Problem to solve: Reproduce the records below exactly, leaving their images out.

(Stored records)

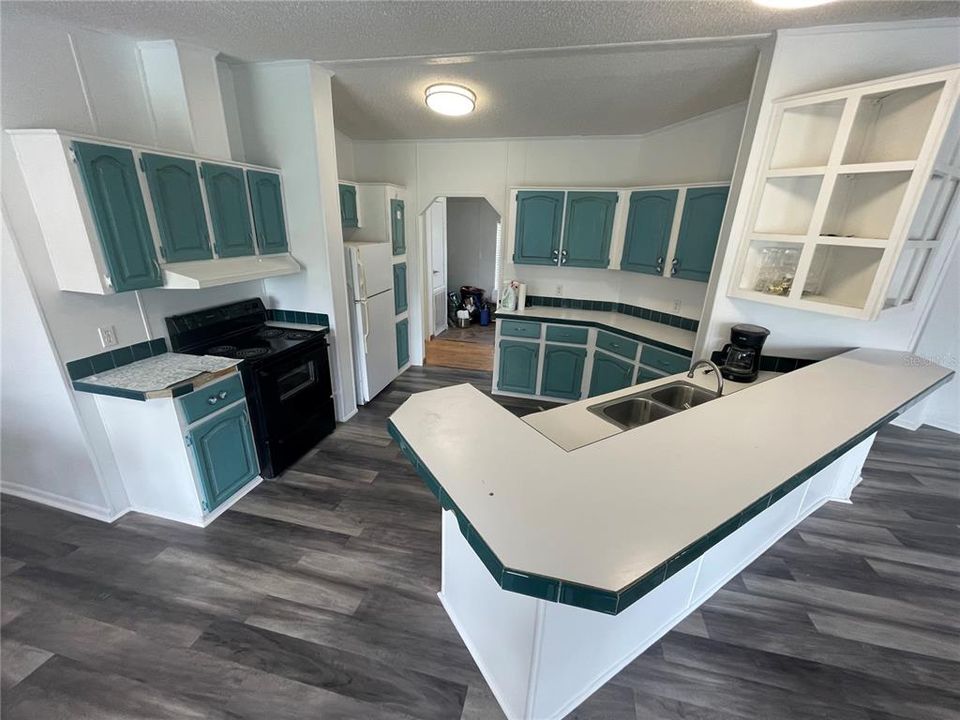 На продажу: $155,000 (3 спален, 2 ванн, 1648 Квадратных фут)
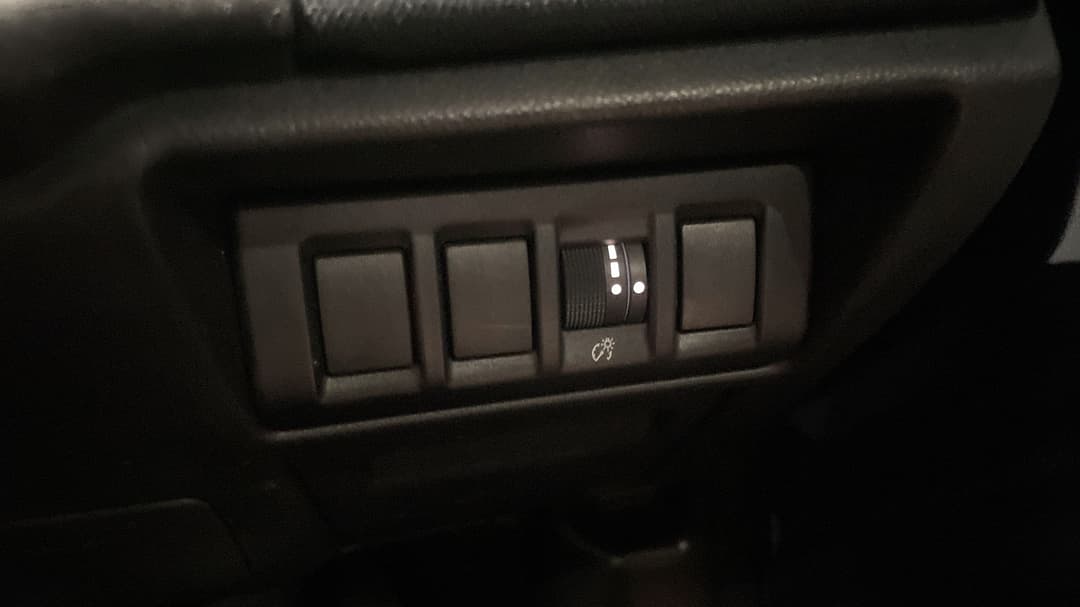 2022 Subaru Outback AWD, Automatic, 98288 km, Utility Switches/Buttons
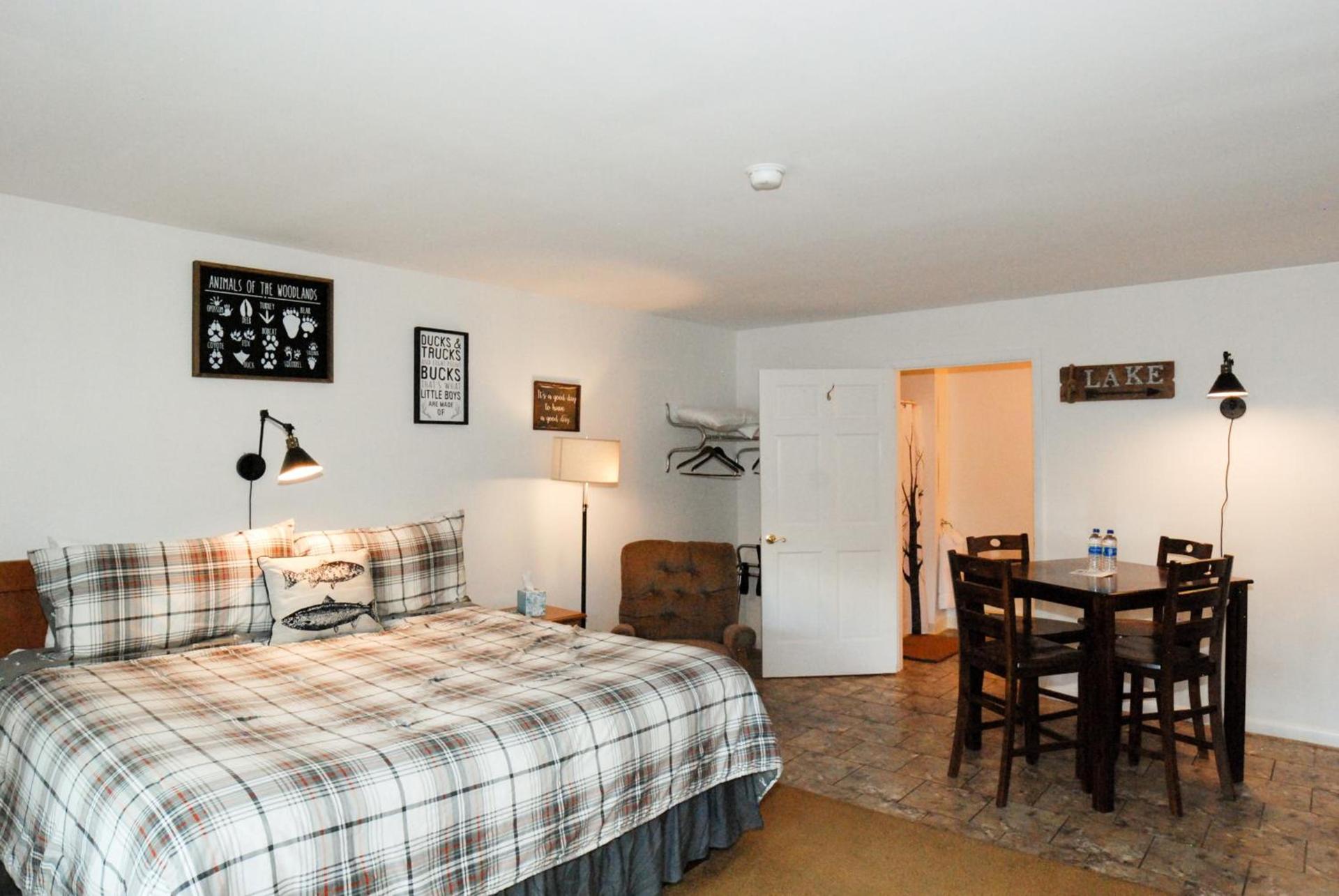 Maple Leaf Lodge photo 16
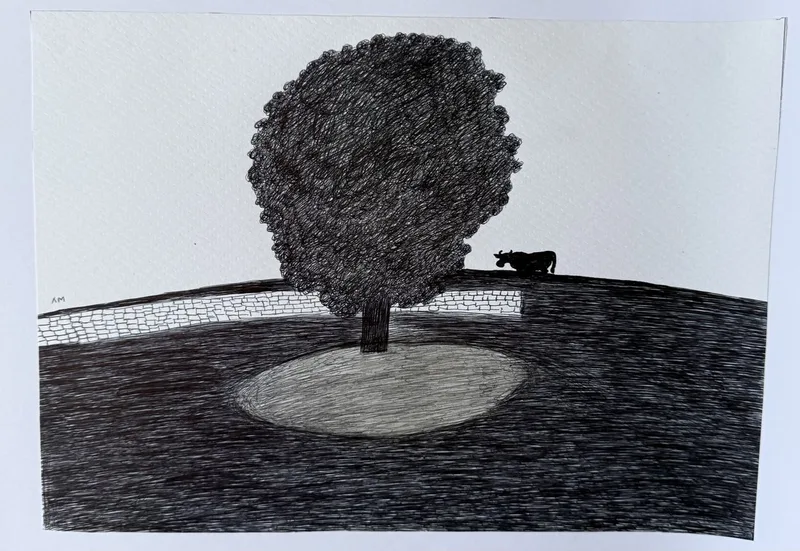 Grand arbre rond noir sur colline sombre hachurée, petit chien silhouette au loin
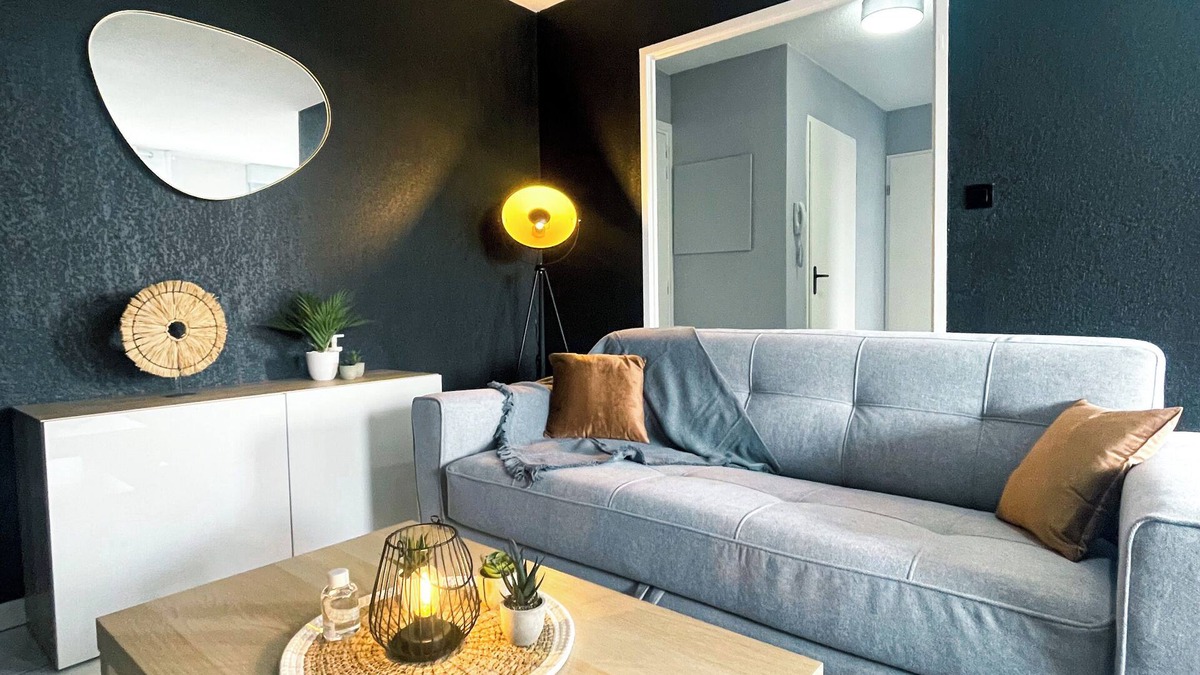 Saint - Martin - du - Touch Apartment | RedLounge, a haven of peace with pool and garden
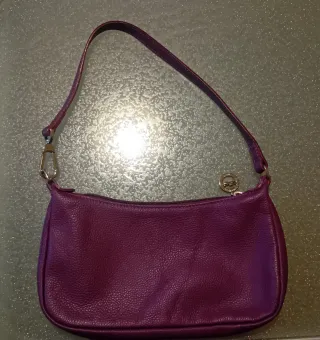 Borsetta Longchamp color melanzana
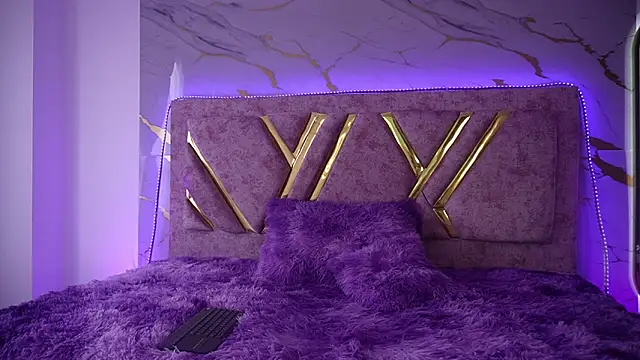 Snapshot of natasha_vesper chatting on December 5, 12:37 pm natasha vesper online show from December 5, 12:37 pm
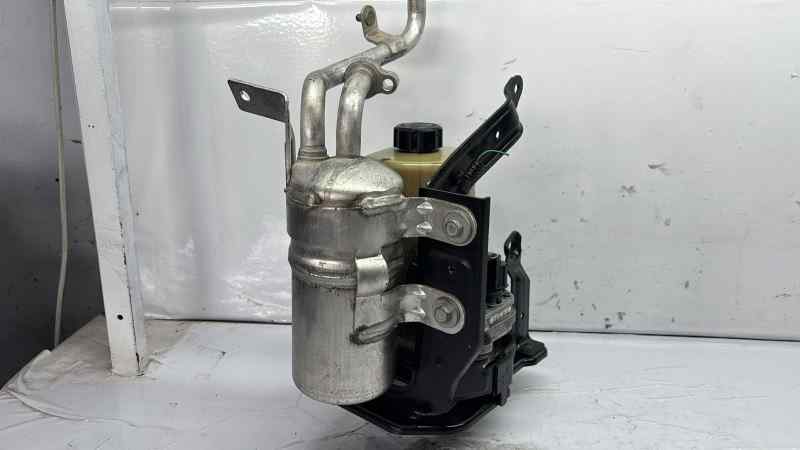 4M513K514CC  BOMBA DIRECCION FORD FOCUS BERLINA (CAK)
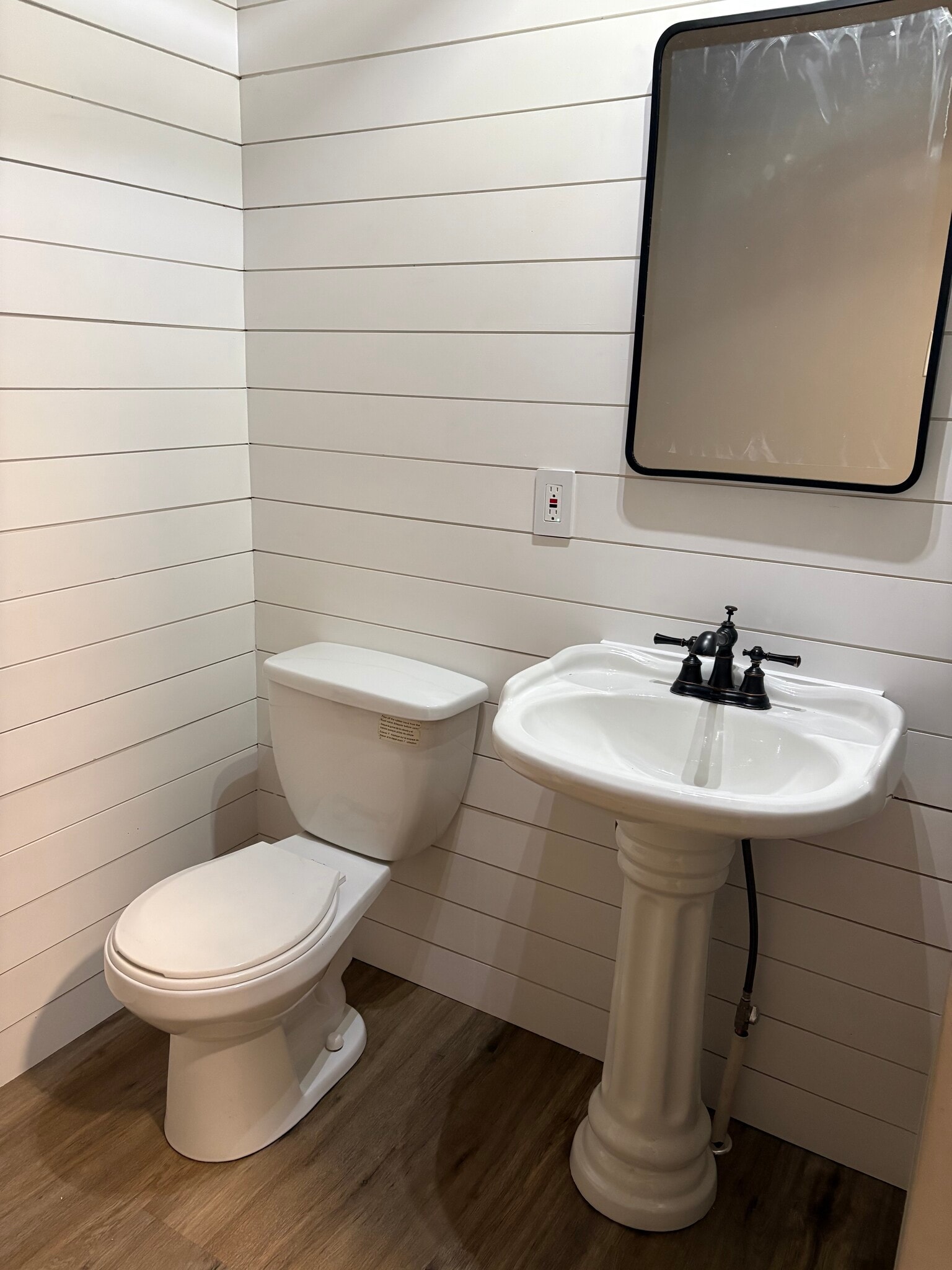 Building Photo - 709 DeKalb St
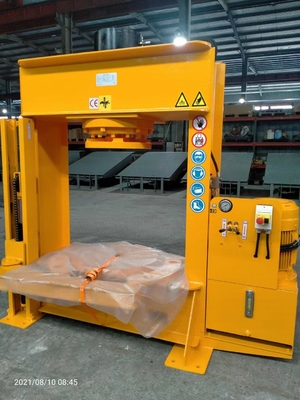 Machine de pressage de pneus à grande efficacité de 120 tonnes TP120 pour le démontage de pneus solides disponible en vente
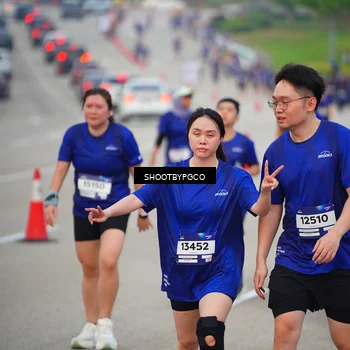 Runner Photo 7448000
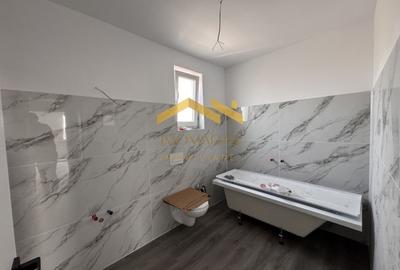 Casă individuală cu 4 camere cu Canalizare în Utvin - 7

Task output:
 На продажу: $155,000 (3 спален, 2 ванн, 1648 Квадратных фут)
 2022 Subaru Outback AWD, Automatic, 98288 km, Utility Switches/Buttons
 Maple Leaf Lodge photo 16
 Grand arbre rond noir sur colline sombre hachurée, petit chien silhouette au loin
 Saint - Martin - du - Touch Apartment | RedLounge, a haven of peace with pool and garden
 Borsetta Longchamp color melanzana
 Snapshot of natasha_vesper chatting on December 5, 12:37 pm natasha vesper online show from December 5, 12:37 pm
 4M513K514CC  BOMBA DIRECCION FORD FOCUS BERLINA (CAK)
 Building Photo - 709 DeKalb St
 Machine de pressage de pneus à grande efficacité de 120 tonnes TP120 pour le démontage de pneus solides disponible en vente
 Runner Photo 7448000
 Casă individuală cu 4 camere cu Canalizare în Utvin - 7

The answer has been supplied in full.